The coordinates of the focus of this parabola follows $F\left(h-c, k\right)$.

To solve for $c$, we have:

$-9=4c\to c=-\frac{9}{4} or -2\frac{1}{4}$

In solving for the coordinates of the focus and the endpoints of the latus rectum, disregard the sign of $c$.

The focus is $\left(4\frac{3}{4},-3\right)$.

The endpoints of the latus rectum are solved using the form $L_1\left(h-c,k+2c\right) and L_2\left(h-c,k-2c\right)$.

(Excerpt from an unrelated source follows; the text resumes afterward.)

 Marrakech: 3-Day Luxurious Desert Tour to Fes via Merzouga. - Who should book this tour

In this example, the endpoints of the latus rectum are $L_1\left(4\frac{3}{4},1\frac{1}{2}\right) and L_2\left(4\frac{3}{4},-7\frac{1}{2}\right)$.

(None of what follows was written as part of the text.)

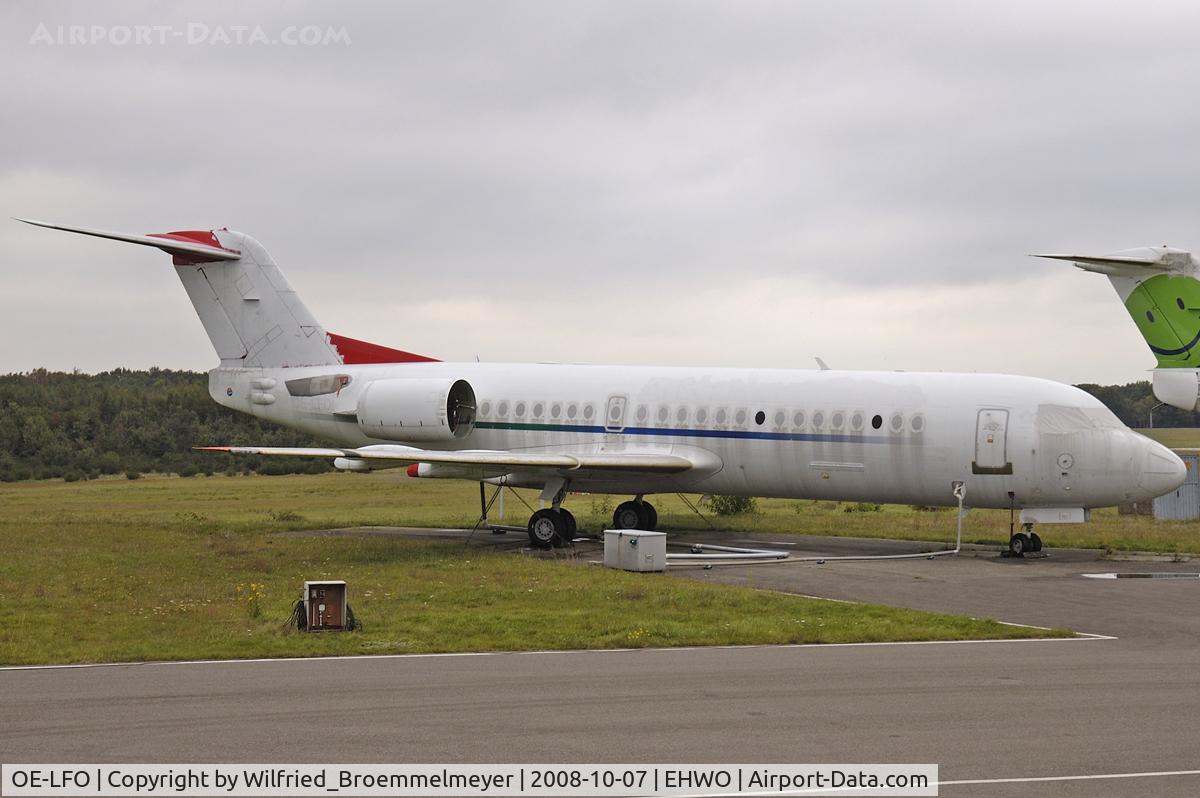 OE-LFO, 1995 Fokker 70 (F-28-0070) C/N 11559, Stored at WOE after repair (damaged during emergency landing near Munich Airport)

The length of the latus rectum is $L=4c=4\left(2\frac{1}{4}\right)=9 units$

The equation of the directrix is $x=h-c\to x=7-\left(-\frac{9}{4}\right)\to x=\frac{37}{4}$

Cheat Sheet

Standard Forms of a Parabola	Coordinates			Axis of Symmetry	Equation of the Directrix
	Vertex	Focus	Latus Rectum
$y^2=4cx$	$\left(0,0\right)$	$\left(c,0\right)$	$\left(c,\pm 2c\right)$	$y=0$	$x=-c$
$x^2=4cy$	$\left(0,0\right)$	$\left(0,c\right)$	$\left(\pm 2c, c\right)$	$x=0$	$y=c$
${\left(y-k\right)}^2=4c\left(x-h\right)$	$\left(h,k\right)$	$\left(h\pm c,k\right)$	$\left(h\pm c,k\pm 2c\right)$	$y=k$	$x=h-c$
${\left(x-h\right)}^2=4c\left(y-k\right)$	$\left(h,k\right)$	$\left(h,k\pm c\right)$	$\left(h\pm 2c, k\pm c\right)$	$x=h$	$y=k-c$

Blunder Areas

• Always inspect the sign of $\mathit{c}\mathbf{,}\mathbf{ }\mathit{h}\mathbf{,}\mathbf{ }\mathit{a}\mathit{n}\mathit{d}\mathbf{ }\mathit{k}$ to know the opening of the parabola, the correct coordinates of the vertex, and other properties.
• In solving for the coordinates of the latus rectum and focus, neglect the sign of $c$.
• In solving for the equation of the directrix, always consider the sign of $c$.
• Parabolas in the form of ${\mathit{y}}^{\mathbf{2}}\mathbf{=}\mathbf{\pm }\mathbf{4}\mathit{c}\mathit{x}\mathbf{ }\mathit{a}\mathit{n}\mathit{d}\mathbf{ }{\mathbf{(}\mathbf{y}\mathbf{-}\mathbf{k}\mathbf{)}}^{\mathbf{2}}\mathbf{=}\mathbf{\pm }\mathbf{4}\mathit{c}\mathbf{(}\mathbf{x}\mathbf{-}\mathbf{h}\mathbf{)}$ are not representations of quadratic functions. 
• Use the algebraic method in transforming the equation of the parabola in $y^2+Dx+Ey+F=0 or x^2+Dx+Ey+F=0$ in vertex form (standard form). This is done using completing the square.
• The algebraic method and graphical method can both be used to determine, study, and interpret the characteristics/properties of a parabola.